シモンが悪いわけではない。悪いのは、その父親だ。父親は謝罪する気はないのだろう。シモンだけが気にして、エヴリーヌに謝罪する機会をうかがっていたのだ。
「気になさらないでください。昔のことです。子供が危険であれば、親がどう行動するかは想像できることです」
(最悪だったけれどね。この人には罪はないわ。当時、六歳くらいじゃない?)
パーティで父親に罵るわけにもいかない。ここで問題を起こす気もないので、頭を上げてほしい。
「謝罪は受け入れましたので、エングブロウ卿もお忘れください。古い話ですから」
「お待ちください!」
思い出したくもないことなので、それだけ言って立ち去ろうとした。しかし、いきなり手首をつかまれて、足がからみそうになった。
「エヴリーヌ! 大丈夫ですか!?」
「カリス!?」
いつの間にか現れたカリスがエヴリーヌを胸で受け止めた。転ばずに済んで安堵するが、カリスはエヴリーヌを抱きしめたまま、シモンを鋭く睨みつける。
「エングブロウ卿。彼女に恨みでもあるのか?」
「カリス、違います。私が話を切り上げようとしただけで」
「あなたに触れて転ばせようとしたのですよ?」
(違います。さっさと逃げようとした私を、止めようとしただけです。面倒だからとそのまま通り過ぎようとした私のせいです)
「古い、知り合いなんです。ねえ、エングブロウ卿!」
「……聖女様には、助けていただいた恩がありまして、そのお礼を伝えていたところです」
「そろそろ広間に戻らなきゃと思って、軽く返事をしてしまった私が悪いのよ。そうだ、カリス。ダンスの時間ではないかしら? ね、行きましょう。エングブロウ卿、昔のことですから、気にしないでください。さあ、行きましょう、カリス」
カリスが今にも殴りかかりそうだったので、エヴリーヌは無理に引っ張って歩かせた。
なにをそんなに熱くなっているのか。
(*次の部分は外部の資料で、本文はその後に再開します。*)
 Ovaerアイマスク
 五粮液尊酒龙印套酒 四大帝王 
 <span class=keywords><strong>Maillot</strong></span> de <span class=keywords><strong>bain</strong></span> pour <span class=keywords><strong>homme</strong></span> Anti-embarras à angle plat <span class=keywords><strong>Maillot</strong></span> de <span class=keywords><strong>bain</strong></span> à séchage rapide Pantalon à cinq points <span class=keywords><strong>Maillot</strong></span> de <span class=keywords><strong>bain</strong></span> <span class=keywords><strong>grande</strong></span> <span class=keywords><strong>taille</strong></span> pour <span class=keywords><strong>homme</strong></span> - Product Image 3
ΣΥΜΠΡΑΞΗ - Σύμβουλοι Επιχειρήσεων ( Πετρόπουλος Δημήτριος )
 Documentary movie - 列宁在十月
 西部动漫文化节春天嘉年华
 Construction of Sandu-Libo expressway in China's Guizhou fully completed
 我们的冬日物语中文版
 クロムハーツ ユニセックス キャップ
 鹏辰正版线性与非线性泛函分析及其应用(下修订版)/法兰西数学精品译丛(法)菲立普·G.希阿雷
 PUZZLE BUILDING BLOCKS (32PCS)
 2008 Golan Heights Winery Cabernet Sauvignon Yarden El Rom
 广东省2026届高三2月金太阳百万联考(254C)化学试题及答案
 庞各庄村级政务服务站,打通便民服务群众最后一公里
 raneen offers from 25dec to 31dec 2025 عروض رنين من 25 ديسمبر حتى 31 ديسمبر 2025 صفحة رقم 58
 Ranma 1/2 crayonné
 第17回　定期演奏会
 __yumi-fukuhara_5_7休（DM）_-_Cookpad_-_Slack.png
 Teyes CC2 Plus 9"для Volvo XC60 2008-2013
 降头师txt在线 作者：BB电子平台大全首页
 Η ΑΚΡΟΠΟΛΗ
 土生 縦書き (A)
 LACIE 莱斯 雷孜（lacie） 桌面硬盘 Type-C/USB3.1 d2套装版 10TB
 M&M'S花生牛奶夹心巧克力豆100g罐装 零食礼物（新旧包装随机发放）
いや、聖女に無礼を働いたと思ったのだろう。先ほどの王の話もあったし、聖女の扱いを更に気をつけようと考えたのかもしれない。
「お話の邪魔をしてしまいましたか?」
「いえ、そんな話すこともなかったので」
だから気にしないでほしい。カリスは耳を垂らした犬のようになって、エヴリーヌの顔色を伺う。
(なんだか、本当に犬を飼っているみたいだわ)
二年の間は大切にするという約束を、カリスは約束以上に守ってくれるつもりなのだろう。だから、妻になにかあれば駆けつけるし、なにかある前に手を差し伸べようとしてくれる。
律儀な男だ。そのおかげで憎むことができない。
「でも、ありがとうございます。転ばずに済みました」
「それなら、良かったです」
ふんわりと、穏やかな笑顔を不用意に見せてきて、エヴリーヌはつい顔を背けた。その顔は反則だ。
「やはり、怒ってらっしゃいますか?」
「お、怒ってます。いつまでも敬語で話すのだもの」
「すみません! 聖女様には、どうしても敬語が先に出てしまって」
「距離を感じるわね」
「以後気をつけます! いや、気をつける」
大真面目に断言して、その姿がおかしくてつい吹き出してしまう。カリスは恥ずかしそうにして、本当に気をつける。と小さく呟いた。
この人の側で二年。たった二年だ。
だから、この優しい人の側にいて、心奪われないようにしなければならない。